家の外に出る以上、楽しいことも大変なことも、等しくあるだろうが……このまま、世界を楽しんでもらいたいものだ。
「ユキ」
「ん?」
「お主と、儂とで最初はおって、次にシィをお主が出して、イルーナがやって来て。それから……ここも、随分人が増えたのう」
「そうだな……俺が、この世界に生まれてすぐに出会ったのが、お前だったな」
「カカ、そうらしいの。最初は儂は、変な魔族がいると思うたものじゃ」
「俺は、あ、詰んだと思ったね。それが、チョコ一つで釣られてほいほいウチまで付いて来てよ」
「あのちょこは非常に良い匂いがした。じゃから、仕方ないの。覇龍でも抗えないのが菓子。そういうものじゃ」
「そうかい。まあ、お前のそのチョロさのおかげで、こうして一緒にやっていけてる訳だから、むしろ感謝すべきなのかもしれんが」
「覇龍を満足させられる菓子を出せる者など、世界において一握りじゃろうて。お主はその一握りの者じゃ。良かったの、その幸運があって」
「いやいや、俺としちゃあ、お前の縄張り内にダンジョンが出来て、そこに呼び出されたことの不幸を嘆きたいところだ」
「ほう? そうか、不幸か」
「そうさ。そのせいで俺は、一人で生きられないようになっちまったんだからな。これから先、否が応でもお前と一緒に生きることになっちまった訳だし」
「それは残念じゃったな。世界を悪に染めるはずの魔王が、妻の尻に敷かれる生活を送るハメになった訳か」
「おうよ。おかげで俺は、しがない夫として、妻達の機嫌を取り、子供をあやす日々さ。なんて『魔王』って字面から程遠い生活をしてるんだって我ながら思うぜ」
「それは確かに」
肩を竦める俺に、レフィもまた、笑う。
「……こうやって考えると、お前は俺がこの世界に来てから、ずっと一緒にいるんだな」
「カカ、そうか、お主にとってはそうなるのか」
「…………」
その時俺は、ふと思ったことに、我ながら照れ臭くなってしまい、何も言わなかったのだが。
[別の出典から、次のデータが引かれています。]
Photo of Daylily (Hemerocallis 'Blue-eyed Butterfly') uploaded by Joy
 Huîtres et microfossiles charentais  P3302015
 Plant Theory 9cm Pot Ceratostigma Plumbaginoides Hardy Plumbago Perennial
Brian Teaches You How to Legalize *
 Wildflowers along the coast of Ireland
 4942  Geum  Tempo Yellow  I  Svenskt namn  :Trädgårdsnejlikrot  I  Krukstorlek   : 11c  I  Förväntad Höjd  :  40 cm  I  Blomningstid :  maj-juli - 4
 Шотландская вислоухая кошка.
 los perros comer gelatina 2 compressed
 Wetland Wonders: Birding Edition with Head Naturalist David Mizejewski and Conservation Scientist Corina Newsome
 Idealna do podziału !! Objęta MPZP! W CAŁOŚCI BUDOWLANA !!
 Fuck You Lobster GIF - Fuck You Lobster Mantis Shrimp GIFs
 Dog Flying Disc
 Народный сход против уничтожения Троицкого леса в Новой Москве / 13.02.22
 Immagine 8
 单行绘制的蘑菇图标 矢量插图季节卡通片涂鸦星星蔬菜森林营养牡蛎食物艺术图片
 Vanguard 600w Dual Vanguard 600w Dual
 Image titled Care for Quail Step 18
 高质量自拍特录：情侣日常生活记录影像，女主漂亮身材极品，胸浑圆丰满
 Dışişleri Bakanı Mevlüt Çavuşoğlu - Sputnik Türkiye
しかし、レフィにとってはそんな俺の内心など、お見通しだったらしい。
彼女は、微笑みながら、俺を見上げる。
「安心せい。死ぬまでずっと共におるよ」
「――――」
言葉が出ず、俺は、ギュッとレフィを抱き締める。
「……ったく。不幸だよ。本当にさ。我が妻レフィには、魔王である俺を、全然その字面に似合わない者にした責任を取ってもらいましょう」
「仕方がないのぉ。では、その見返りとして、お主には覇龍をただの母にした責任を取ってもらおうかの」
「いいだろう、契約成立だな」
なんて、二人で冗談を言い合っていたその時、まず眠っていたはずのリウが、突然起きて泣き始め、その声を聞いて同じように起きてしまったサクヤが、同じように泣き始める。
俺達は、顔を見合わせて笑い、それから二人をあやし始めた。